Darryl scooped the teenager up off the ground and carried him back to his shack.

Night turned to day, and I was inside, watching Adam sleep on Darryl’s oversized bed while the werewolf lay on a tall inflatable mattress, reading a book next to an open window.

This place always had a calming effect, but I never allowed myself a moment’s peace whenever Adam and I visited.

There was still a lot of unresolved animosity between me and Darryl, and all of it was my fault.

A groan came from the bed, and Adam slowly sat up, rubbing his eyes.

“Good morning,” Darryl said, licking his index finger before flipping the page of his book. “How are you feeling?”

“Like I was run over. Who the hell are you?”

“Well let’s see. For some reason you were in the ocean and you nearly drowned. Oh, and the police are looking for you.” He looked up at the teenager’s widened expression. “I’m Darryl.”

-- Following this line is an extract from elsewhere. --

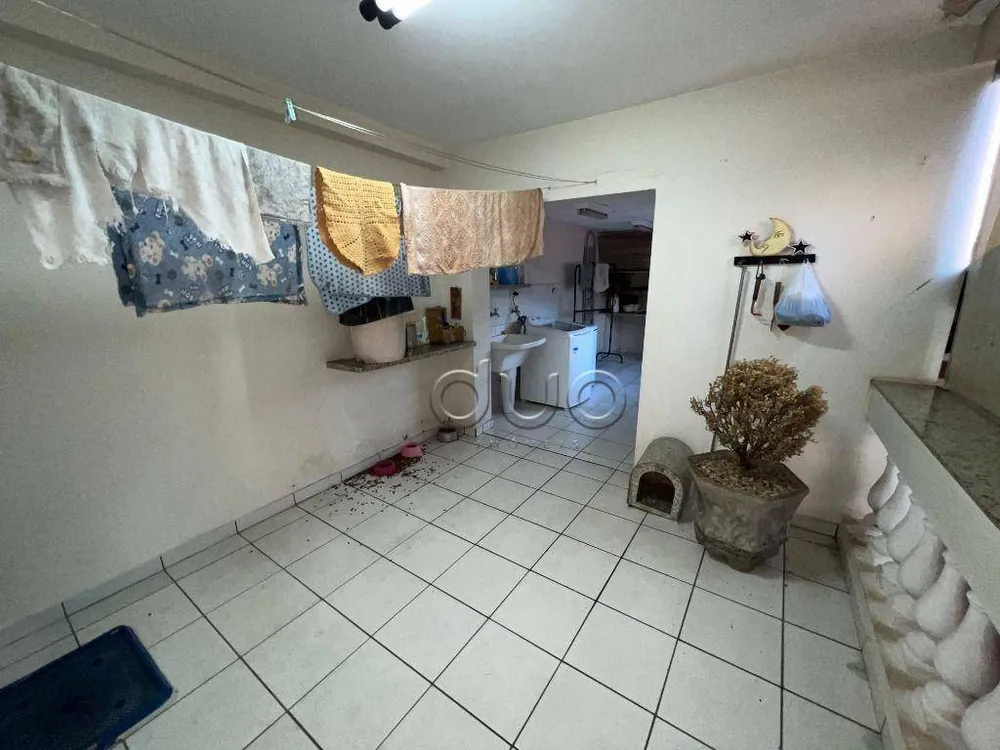Casa, 3 quartos, 240 m² - Foto 7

“Please don’t tell anyone I’m here. I’ll do anything you want.”

“First tell me why they’re looking for you, then I’ll decide what to do.”

Adam jumped out of the bed and sprinted for the door, prompting Darryl to drop his book. With a few steps, he easily caught the boy, grabbing him by the nape of his neck.

“Don’t be stupid, kid. You can’t run from a werewolf.”

“Let me go!”

“How ‘bout you sit back down and start talking?” He dragged Adam to the bed and forced him onto the mattress. He glared, arms crossed for a few minutes before the teenager started to speak.